Associate Justice of the Ohio Supreme Court
- In office August 1970 – January 1, 1977
- Appointed by: Jim Rhodes
- Preceded by: C. William O'Neill
- Succeeded by: Ralph S. Locher

Personal details
- Born: October 4, 1904 Cleveland, Ohio
- Died: May 21, 1988 (aged 83) Columbus, Ohio
- Resting place: Forest Lawn Memorial Gardens and Mausoleum, Columbus
- Party: Republican
- Spouse: Anastasia Percin
- Children: two
- Alma mater: Cleveland–Marshall College of Law

= Leonard J. Stern =

American judge

Leonard J. Stern (October 4, 1904 – May 21, 1988) was a Republican lawyer from Ohio who served as a Common Pleas judge, an appeals court judge and from 1970 to 1977 was a justice of the Ohio Supreme Court.

Leonard J. Stern was born in Cleveland, Ohio on October 4, 1904, the son of Benjamin and Hermine (Markovitz) Stern.
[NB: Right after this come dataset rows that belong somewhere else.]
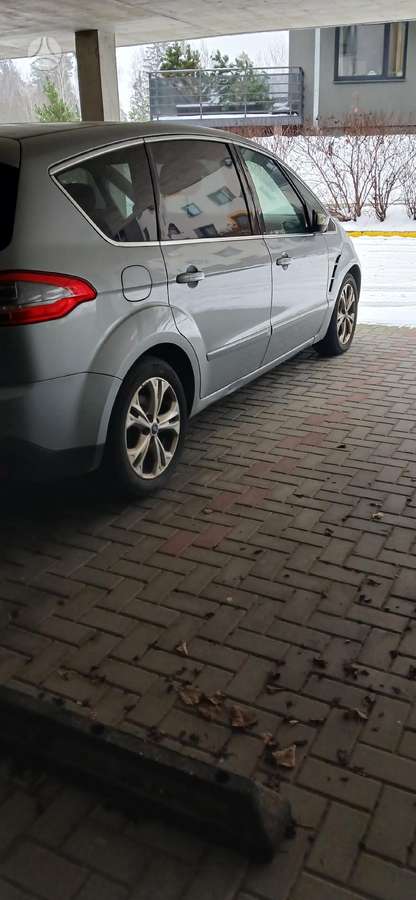 Ford S-MAX 2013 — photo 7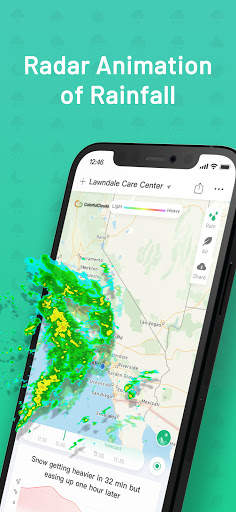 ColorfulClouds Lite screenshot 2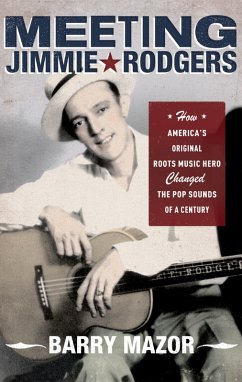 Cover Meeting Jimmie Rodgers (eBook, PDF)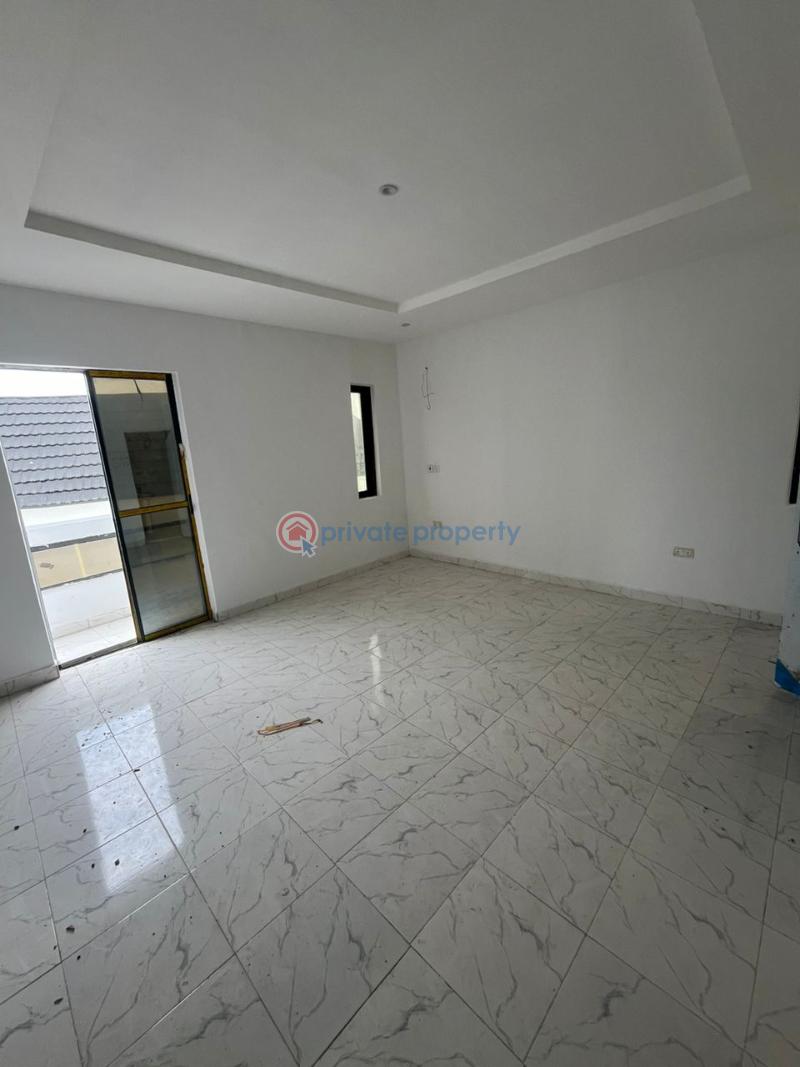 3 bedroom Block Of Flats For Sale Chevy Castle Inside Emperor Homes Chevron Drive Lekki Lagos - 12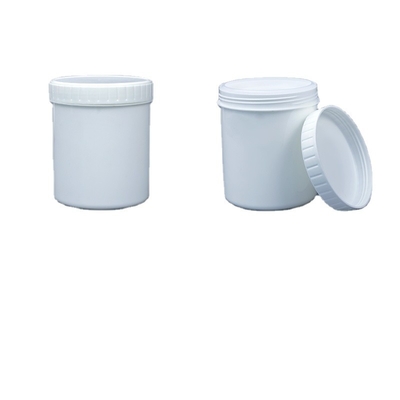 1000ML HDPEのプラスチックびん145gプラスチックねじ上の瓶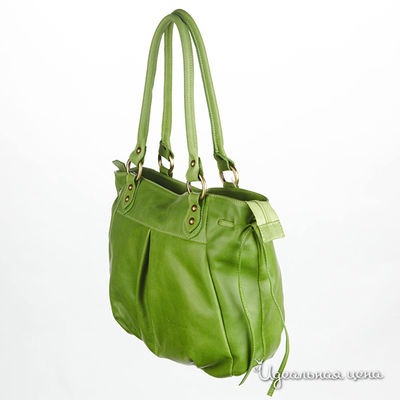 Сумка Mia Sofia, цвет цвет салатовый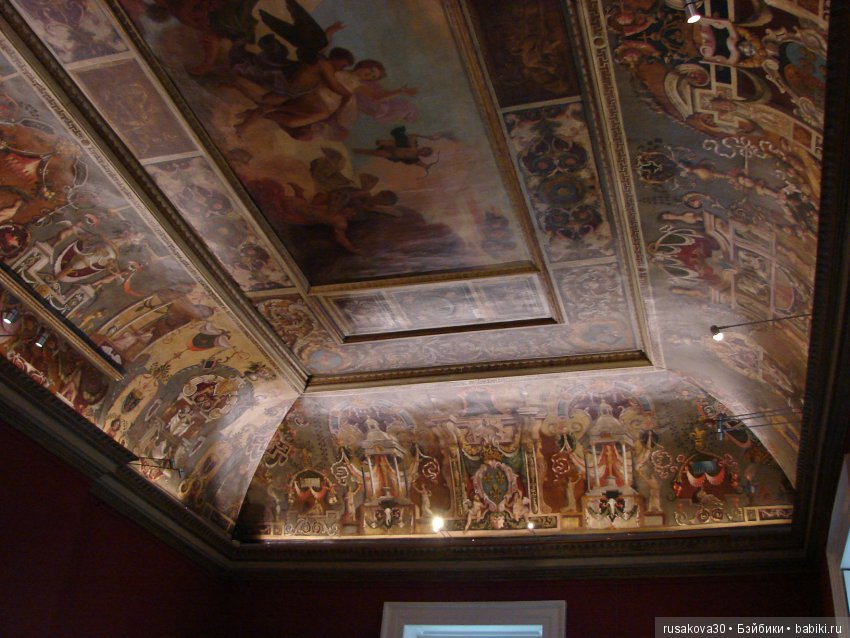 Музей Гринвич, дом королевы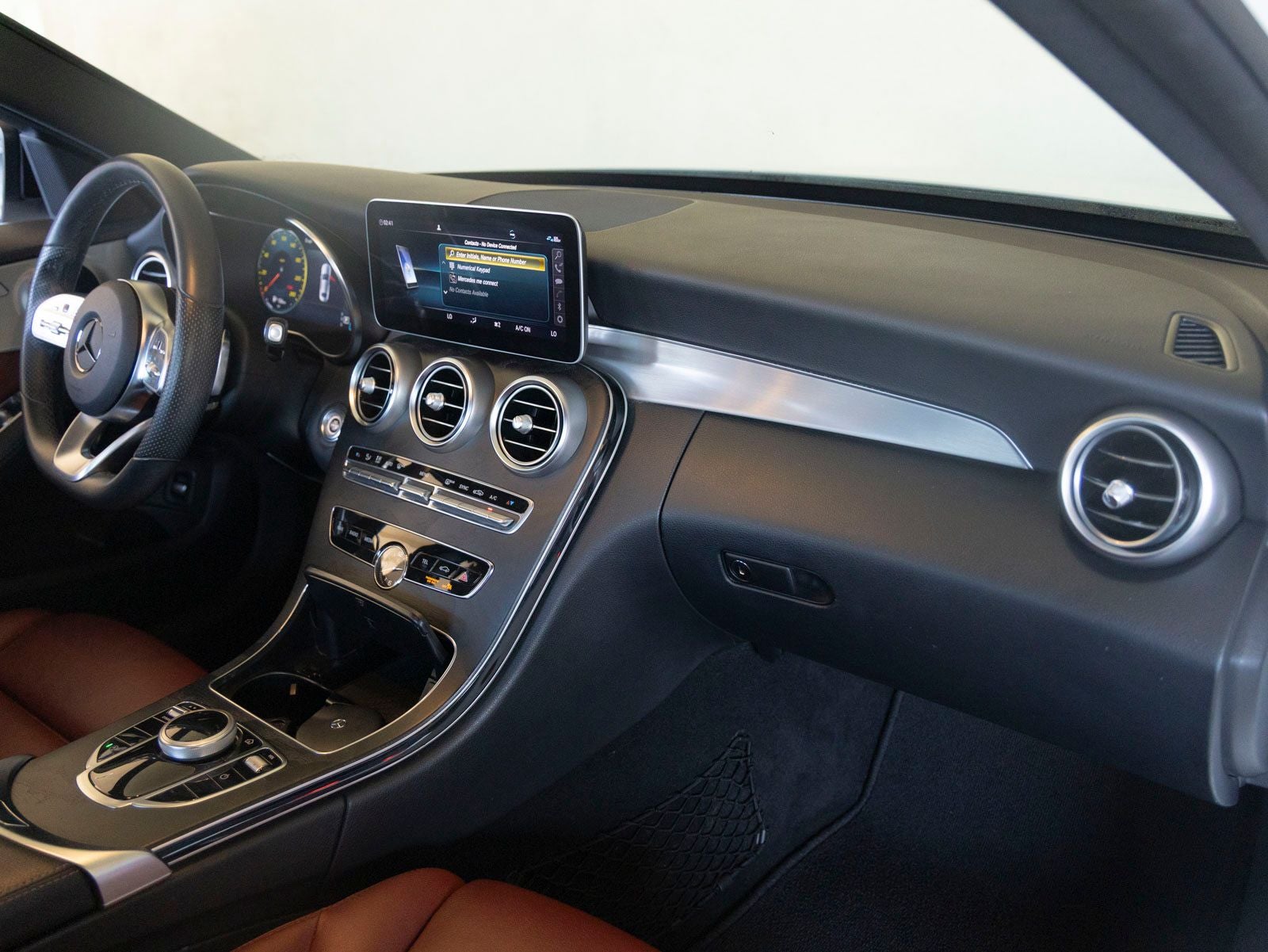 2019 Mercedes-Benz C-Class C 300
He managed his father's grocery store while working his way through Cleveland–Marshall College of Law. He graduated in 1926, was admitted to the bar, and went into private practice in Cleveland. He was a bailiff of the Cuyahoga County Court of Common Pleas.

In 1939, Stern and his family moved to Columbus, Ohio, where he was corporate counsel in the office of Ohio Secretary of State Earl Griffith. In 1940 he became executive secretary to the Ohio Board of Public Works, which he held for six years. He then went into private practice in Columbus.

In 1965, Governor Jim Rhodes appointed Stern to the Franklin County Court of Common Pleas, and he won a six-year term in 1966. He was appointed by Rhodes in 1969 to Ohio's 10th District Court of Appeals.

In March 1970, Chief Justice of the Ohio Supreme Court Kingsley A. Taft died. On April 3, 1970, Governor Rhodes elevated Associate Justice C. William O'Neill to Chief Justice, creating a vacancy on the court. In August of that year, Rhodes appointed Stern to fill the remaining months of O'Neill's term. Stern won election to a six-year term in November 1970. He was unable to run for re-election in 1976 because he exceeded the 70 year age limit for judicial election proscribed in the Ohio Constitution.

After retirement, Stern served as the first disciplinary counsel to the Supreme Courtand was a member of the Ohio Court of Claims.

On November 13, 1931, Stern married Anastasia Percin in Cleveland. They had two children. Stern died May 21, 1988. His funeral was at Temple Israel in Columbus, and burial was at Forest Lawn Memorial Gardens and Mausoleum, Columbus.